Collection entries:
···
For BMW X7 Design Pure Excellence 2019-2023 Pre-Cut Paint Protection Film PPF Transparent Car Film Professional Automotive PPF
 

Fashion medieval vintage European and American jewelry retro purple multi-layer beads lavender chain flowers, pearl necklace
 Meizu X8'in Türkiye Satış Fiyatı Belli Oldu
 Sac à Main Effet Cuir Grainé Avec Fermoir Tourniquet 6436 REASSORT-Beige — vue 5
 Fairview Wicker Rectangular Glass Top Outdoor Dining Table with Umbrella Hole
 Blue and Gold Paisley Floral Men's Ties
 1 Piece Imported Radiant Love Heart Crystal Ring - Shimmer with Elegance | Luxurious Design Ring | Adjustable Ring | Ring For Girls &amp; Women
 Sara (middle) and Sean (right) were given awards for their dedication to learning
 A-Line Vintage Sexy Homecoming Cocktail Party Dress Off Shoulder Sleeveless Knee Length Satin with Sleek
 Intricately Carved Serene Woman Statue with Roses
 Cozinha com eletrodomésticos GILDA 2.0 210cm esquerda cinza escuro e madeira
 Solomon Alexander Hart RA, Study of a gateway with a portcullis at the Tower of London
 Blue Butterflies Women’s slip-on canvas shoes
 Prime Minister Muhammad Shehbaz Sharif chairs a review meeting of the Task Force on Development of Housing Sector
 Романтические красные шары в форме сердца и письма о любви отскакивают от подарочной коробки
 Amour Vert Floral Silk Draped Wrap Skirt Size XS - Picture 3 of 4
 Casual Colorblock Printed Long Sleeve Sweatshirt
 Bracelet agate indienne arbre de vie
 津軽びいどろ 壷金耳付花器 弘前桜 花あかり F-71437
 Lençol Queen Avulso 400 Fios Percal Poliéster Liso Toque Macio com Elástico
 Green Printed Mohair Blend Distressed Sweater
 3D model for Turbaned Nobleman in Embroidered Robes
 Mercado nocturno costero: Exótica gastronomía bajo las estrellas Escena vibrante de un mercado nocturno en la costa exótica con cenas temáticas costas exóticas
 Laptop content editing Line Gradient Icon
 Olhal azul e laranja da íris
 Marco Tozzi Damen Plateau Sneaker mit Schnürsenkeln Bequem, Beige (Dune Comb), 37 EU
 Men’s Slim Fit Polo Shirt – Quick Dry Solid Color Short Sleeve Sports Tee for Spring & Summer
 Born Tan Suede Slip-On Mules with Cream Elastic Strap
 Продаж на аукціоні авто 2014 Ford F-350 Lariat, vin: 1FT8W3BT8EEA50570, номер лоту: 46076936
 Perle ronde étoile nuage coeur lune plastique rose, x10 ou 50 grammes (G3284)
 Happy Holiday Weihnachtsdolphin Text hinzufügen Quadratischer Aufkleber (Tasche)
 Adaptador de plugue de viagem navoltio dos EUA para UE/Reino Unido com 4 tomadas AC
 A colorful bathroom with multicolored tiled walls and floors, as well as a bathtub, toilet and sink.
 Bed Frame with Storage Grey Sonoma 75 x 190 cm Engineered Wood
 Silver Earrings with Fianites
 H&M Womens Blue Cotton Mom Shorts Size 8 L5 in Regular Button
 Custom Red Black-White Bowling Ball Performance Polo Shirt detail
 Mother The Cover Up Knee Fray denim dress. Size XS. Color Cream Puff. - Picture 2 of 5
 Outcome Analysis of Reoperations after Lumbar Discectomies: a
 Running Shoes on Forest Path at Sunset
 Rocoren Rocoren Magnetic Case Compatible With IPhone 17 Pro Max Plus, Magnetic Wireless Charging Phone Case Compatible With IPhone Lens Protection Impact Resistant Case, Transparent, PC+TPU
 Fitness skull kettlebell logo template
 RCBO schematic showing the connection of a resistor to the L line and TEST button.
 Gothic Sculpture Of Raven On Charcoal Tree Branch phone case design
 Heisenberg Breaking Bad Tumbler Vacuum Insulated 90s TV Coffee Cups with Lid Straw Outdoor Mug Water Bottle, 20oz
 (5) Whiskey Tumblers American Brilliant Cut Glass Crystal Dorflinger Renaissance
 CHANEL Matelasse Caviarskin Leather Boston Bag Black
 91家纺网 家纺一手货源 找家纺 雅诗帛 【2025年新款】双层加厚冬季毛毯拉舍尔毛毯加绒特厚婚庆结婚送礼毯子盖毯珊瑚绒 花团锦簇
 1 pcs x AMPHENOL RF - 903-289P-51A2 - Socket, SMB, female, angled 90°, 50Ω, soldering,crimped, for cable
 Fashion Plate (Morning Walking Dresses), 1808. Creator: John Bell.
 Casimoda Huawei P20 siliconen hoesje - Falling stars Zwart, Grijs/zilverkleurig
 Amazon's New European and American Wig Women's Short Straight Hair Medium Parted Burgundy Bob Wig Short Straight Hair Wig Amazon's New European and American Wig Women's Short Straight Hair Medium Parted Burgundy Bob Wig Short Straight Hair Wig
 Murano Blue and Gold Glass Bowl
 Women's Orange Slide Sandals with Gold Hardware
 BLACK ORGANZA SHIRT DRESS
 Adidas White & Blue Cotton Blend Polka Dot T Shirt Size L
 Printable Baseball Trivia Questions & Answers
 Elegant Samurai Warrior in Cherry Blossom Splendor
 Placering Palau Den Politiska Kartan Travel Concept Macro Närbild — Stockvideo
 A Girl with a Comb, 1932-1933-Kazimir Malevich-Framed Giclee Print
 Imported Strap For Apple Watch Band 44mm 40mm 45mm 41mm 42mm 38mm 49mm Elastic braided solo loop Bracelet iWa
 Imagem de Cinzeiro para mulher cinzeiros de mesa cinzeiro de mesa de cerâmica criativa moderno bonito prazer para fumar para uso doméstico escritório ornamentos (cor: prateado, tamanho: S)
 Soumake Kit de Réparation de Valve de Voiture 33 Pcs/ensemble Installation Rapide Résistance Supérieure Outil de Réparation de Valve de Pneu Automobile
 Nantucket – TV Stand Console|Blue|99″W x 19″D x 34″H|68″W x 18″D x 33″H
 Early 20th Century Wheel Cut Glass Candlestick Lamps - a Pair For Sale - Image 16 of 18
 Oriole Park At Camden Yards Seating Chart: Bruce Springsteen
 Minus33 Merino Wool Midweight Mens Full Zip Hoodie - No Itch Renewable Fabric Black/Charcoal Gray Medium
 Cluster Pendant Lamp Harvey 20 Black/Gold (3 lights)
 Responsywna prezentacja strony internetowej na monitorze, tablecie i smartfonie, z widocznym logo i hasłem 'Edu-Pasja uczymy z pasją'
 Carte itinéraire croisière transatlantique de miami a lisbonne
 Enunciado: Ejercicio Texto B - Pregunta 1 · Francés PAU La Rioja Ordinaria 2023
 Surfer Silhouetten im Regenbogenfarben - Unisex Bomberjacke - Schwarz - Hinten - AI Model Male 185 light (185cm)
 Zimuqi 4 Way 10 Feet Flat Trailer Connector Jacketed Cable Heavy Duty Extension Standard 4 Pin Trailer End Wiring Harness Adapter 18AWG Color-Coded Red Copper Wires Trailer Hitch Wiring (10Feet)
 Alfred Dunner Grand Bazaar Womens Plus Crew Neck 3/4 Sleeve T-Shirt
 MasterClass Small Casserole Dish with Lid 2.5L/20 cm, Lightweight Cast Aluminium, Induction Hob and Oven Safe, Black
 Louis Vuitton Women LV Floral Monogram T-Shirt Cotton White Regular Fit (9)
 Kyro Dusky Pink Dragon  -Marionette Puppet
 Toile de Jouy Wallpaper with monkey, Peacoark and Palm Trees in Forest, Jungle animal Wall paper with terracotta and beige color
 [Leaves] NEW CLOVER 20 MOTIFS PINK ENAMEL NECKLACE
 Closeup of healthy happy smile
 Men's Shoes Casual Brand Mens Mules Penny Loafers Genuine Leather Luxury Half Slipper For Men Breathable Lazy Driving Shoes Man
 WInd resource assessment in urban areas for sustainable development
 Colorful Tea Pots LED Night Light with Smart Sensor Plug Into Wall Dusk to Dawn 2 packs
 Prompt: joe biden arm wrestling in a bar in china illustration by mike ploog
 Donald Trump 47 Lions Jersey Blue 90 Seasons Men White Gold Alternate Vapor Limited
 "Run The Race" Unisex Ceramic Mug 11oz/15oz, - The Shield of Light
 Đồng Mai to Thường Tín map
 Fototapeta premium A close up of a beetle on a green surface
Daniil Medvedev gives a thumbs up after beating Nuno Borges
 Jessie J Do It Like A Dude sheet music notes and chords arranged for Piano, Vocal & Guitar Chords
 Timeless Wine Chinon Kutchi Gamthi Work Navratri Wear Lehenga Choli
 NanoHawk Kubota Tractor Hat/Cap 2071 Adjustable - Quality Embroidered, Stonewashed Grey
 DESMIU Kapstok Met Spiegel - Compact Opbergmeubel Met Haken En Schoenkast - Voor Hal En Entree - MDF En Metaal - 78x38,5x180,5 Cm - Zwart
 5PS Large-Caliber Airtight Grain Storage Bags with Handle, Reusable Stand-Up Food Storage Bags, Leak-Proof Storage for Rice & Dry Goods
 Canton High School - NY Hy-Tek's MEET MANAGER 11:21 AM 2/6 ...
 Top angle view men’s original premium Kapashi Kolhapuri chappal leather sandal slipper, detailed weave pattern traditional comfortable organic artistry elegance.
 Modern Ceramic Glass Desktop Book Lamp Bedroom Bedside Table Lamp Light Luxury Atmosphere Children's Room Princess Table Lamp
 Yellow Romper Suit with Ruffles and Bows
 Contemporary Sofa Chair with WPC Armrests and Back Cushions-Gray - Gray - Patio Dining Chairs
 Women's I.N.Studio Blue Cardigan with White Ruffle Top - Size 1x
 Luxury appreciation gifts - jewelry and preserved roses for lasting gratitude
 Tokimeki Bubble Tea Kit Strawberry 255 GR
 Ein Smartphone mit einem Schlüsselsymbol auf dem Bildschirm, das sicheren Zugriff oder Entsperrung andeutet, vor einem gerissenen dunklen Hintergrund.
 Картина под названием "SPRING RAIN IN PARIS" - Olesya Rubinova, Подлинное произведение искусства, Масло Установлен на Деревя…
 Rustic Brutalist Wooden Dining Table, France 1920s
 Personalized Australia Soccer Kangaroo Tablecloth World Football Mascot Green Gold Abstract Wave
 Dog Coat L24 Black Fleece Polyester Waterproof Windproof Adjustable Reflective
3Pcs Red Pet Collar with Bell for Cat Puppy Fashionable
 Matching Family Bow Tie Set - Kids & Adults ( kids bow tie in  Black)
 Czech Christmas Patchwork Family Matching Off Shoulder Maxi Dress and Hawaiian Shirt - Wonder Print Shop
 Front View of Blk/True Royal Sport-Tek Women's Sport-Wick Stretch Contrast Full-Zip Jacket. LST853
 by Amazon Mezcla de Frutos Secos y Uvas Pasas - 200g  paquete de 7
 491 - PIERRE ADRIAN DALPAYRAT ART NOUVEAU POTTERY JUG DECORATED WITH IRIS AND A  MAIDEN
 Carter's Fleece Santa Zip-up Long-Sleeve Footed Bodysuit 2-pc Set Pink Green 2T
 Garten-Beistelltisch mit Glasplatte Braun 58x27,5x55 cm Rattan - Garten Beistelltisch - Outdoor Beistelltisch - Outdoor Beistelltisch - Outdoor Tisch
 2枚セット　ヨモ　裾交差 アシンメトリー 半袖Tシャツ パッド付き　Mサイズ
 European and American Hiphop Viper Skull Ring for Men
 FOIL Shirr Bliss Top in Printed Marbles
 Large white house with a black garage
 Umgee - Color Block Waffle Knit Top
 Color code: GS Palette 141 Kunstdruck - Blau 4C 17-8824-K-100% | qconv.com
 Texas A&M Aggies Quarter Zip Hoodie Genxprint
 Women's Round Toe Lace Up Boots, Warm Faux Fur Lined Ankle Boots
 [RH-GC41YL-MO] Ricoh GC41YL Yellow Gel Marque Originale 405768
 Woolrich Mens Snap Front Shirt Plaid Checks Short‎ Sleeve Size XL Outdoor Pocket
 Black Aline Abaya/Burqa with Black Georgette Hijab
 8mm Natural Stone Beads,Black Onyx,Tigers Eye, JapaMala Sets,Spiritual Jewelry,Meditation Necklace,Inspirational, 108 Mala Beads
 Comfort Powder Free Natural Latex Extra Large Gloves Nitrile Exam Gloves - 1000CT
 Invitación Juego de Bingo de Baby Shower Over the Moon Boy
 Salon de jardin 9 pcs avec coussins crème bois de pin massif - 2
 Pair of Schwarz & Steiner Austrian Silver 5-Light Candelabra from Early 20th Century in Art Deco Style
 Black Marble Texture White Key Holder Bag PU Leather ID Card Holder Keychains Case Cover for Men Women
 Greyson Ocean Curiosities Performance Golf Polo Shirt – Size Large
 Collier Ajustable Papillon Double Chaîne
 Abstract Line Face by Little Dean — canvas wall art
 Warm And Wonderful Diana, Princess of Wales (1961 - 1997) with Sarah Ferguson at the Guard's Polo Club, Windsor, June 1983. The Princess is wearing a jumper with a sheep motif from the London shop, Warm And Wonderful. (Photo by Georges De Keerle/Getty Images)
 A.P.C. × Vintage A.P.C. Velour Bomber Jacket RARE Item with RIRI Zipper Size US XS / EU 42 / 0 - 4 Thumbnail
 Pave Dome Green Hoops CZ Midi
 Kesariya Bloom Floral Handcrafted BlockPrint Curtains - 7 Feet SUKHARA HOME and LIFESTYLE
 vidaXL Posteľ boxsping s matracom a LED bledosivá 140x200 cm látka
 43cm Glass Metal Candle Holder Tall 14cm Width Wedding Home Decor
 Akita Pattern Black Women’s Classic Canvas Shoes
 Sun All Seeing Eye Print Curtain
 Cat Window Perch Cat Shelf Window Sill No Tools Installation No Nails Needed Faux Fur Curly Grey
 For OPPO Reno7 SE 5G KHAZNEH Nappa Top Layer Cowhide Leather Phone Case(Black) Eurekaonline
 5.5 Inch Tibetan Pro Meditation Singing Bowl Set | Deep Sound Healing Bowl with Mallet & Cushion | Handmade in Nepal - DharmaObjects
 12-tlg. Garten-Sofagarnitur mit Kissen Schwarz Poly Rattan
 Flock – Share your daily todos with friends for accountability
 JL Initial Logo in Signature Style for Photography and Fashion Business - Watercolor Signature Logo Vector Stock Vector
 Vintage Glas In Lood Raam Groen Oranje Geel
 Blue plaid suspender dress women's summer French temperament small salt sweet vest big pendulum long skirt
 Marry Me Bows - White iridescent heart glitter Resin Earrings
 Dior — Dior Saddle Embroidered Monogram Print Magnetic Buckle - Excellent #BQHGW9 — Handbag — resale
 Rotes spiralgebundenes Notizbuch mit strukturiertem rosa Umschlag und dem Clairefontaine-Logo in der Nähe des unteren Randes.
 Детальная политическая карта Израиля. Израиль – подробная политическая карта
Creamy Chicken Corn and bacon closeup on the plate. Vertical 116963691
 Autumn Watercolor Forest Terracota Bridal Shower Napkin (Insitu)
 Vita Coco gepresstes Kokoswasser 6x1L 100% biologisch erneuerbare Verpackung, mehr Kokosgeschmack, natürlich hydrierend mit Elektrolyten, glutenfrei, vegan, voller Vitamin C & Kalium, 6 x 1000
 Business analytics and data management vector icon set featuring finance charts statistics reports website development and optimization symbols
···
Task description:
Look above for the line with "Custom Red Black-White"; retype exactly that line, every line after it up to the line with "Gothic Sculpture Of", and that line too, nothing else.

Worked solution:
 Custom Red Black-White Bowling Ball Performance Polo Shirt detail
 Mother The Cover Up Knee Fray denim dress. Size XS. Color Cream Puff. - Picture 2 of 5
 Outcome Analysis of Reoperations after Lumbar Discectomies: a
 Running Shoes on Forest Path at Sunset
 Rocoren Rocoren Magnetic Case Compatible With IPhone 17 Pro Max Plus, Magnetic Wireless Charging Phone Case Compatible With IPhone Lens Protection Impact Resistant Case, Transparent, PC+TPU
 Fitness skull kettlebell logo template
 RCBO schematic showing the connection of a resistor to the L line and TEST button.
 Gothic Sculpture Of Raven On Charcoal Tree Branch phone case design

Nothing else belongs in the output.